• PROBLEM TO WORK ON: Copy verbatim the span of lines beginning at the line that contains "รูป 99728 - ขายที่ดินทำเลดี" and ending with the final line of the data. Exclude pictures from the copy.

*** THE DATA ***

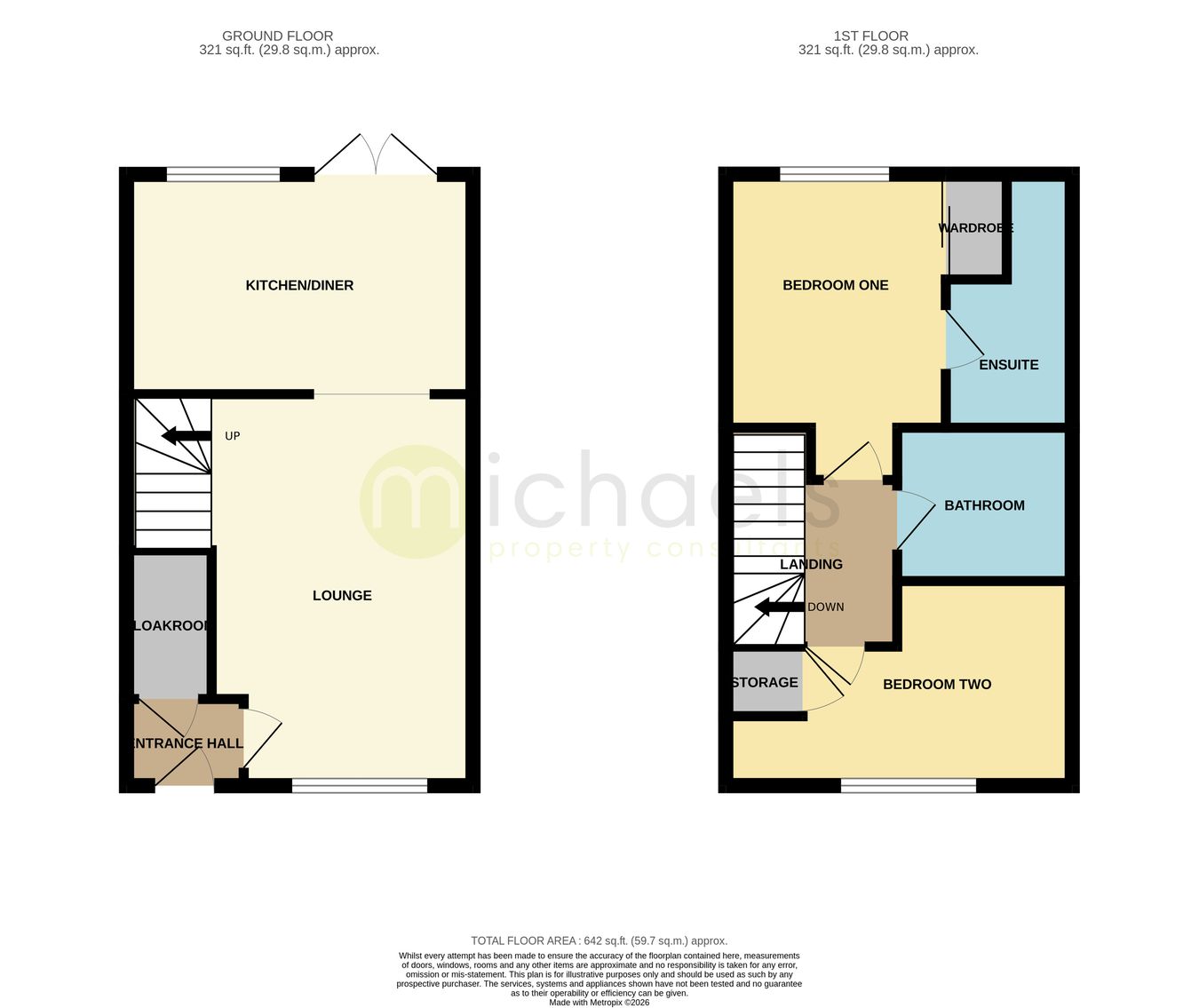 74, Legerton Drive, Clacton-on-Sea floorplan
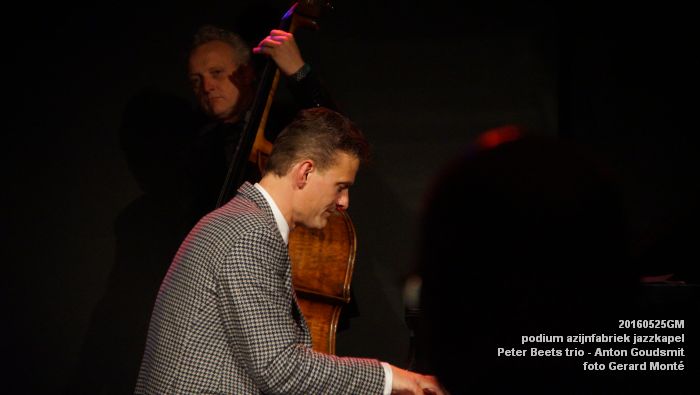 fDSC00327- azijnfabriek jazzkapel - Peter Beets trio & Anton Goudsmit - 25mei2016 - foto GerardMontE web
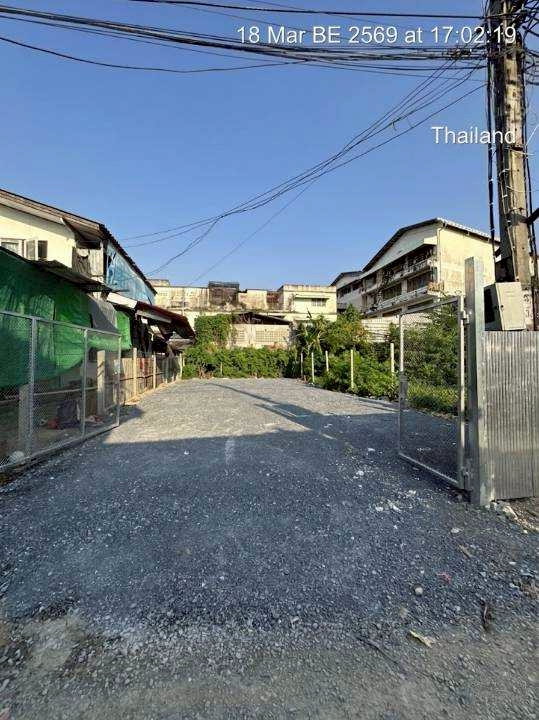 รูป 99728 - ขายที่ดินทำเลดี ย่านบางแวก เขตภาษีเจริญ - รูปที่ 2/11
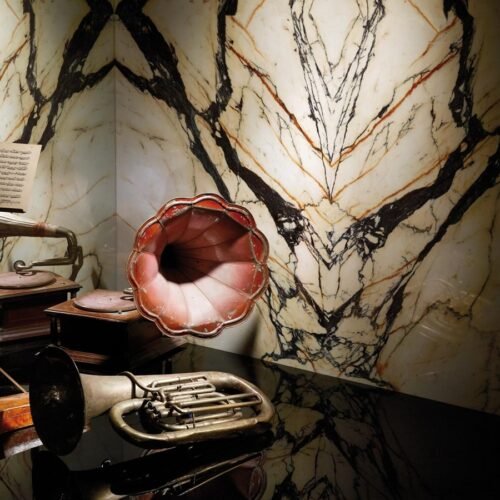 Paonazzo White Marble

*** End of THE DATA ***

• COMPLETED EXERCISE:
 รูป 99728 - ขายที่ดินทำเลดี ย่านบางแวก เขตภาษีเจริญ - รูปที่ 2/11
 Paonazzo White Marble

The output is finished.